**RECORDED INFORMATION:**
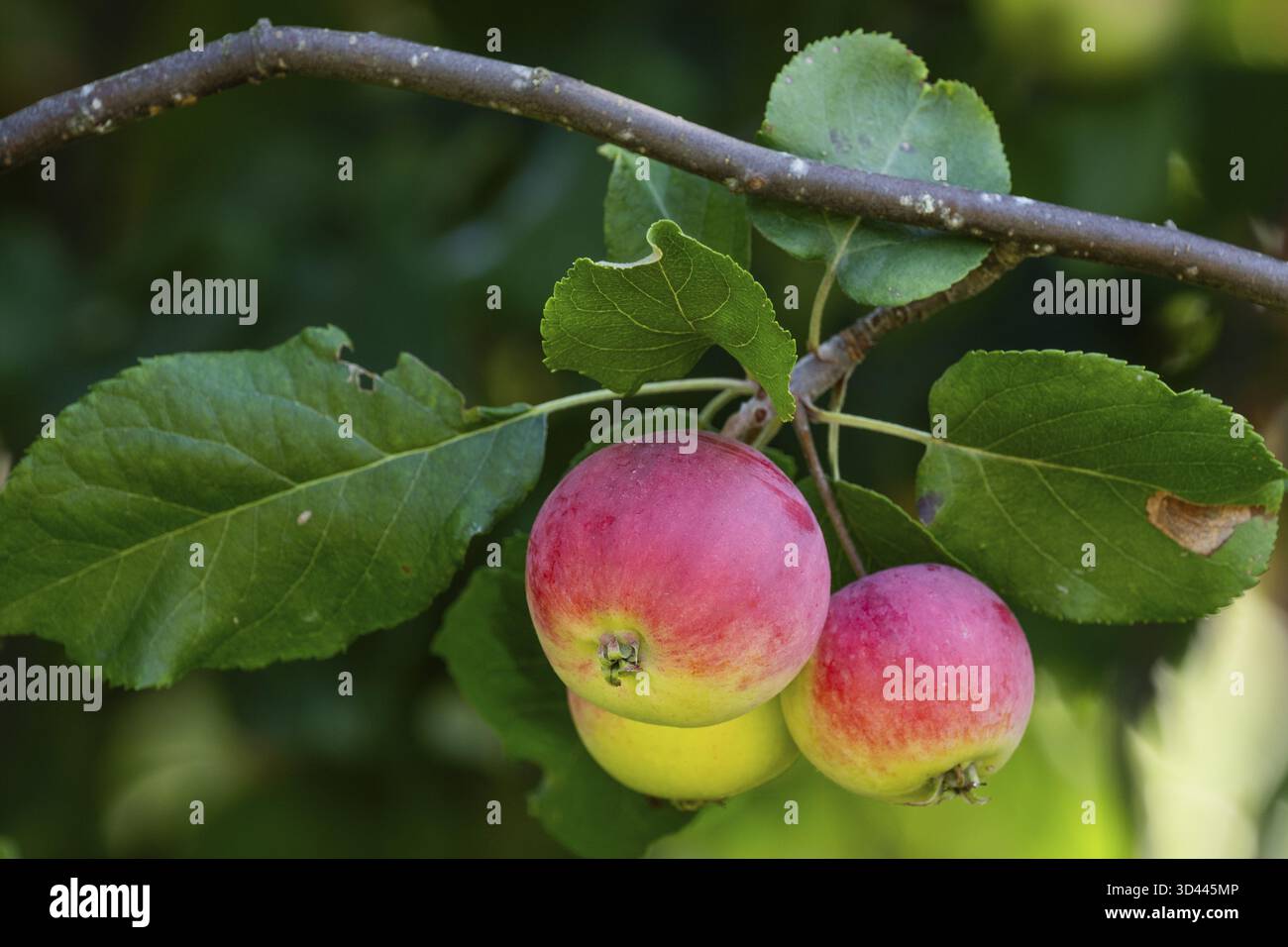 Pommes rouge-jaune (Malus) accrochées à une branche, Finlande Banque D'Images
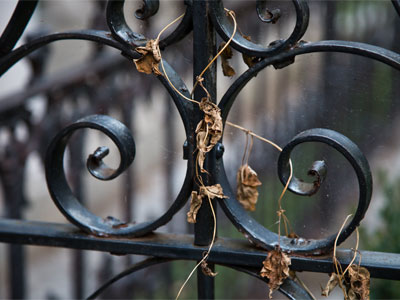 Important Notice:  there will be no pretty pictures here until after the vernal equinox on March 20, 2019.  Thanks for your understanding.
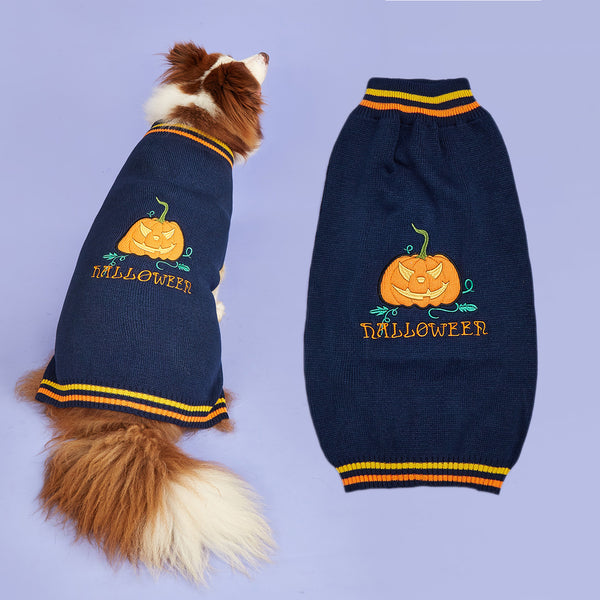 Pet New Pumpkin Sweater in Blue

**EXERCISE DIRECTIONS:**
Return the material exactly as it reads, though without the pictures it holds.

**RESULT FOR THIS TASK:**
 Pommes rouge-jaune (Malus) accrochées à une branche, Finlande Banque D'Images
 Important Notice:  there will be no pretty pictures here until after the vernal equinox on March 20, 2019.  Thanks for your understanding.
 Pet New Pumpkin Sweater in Blue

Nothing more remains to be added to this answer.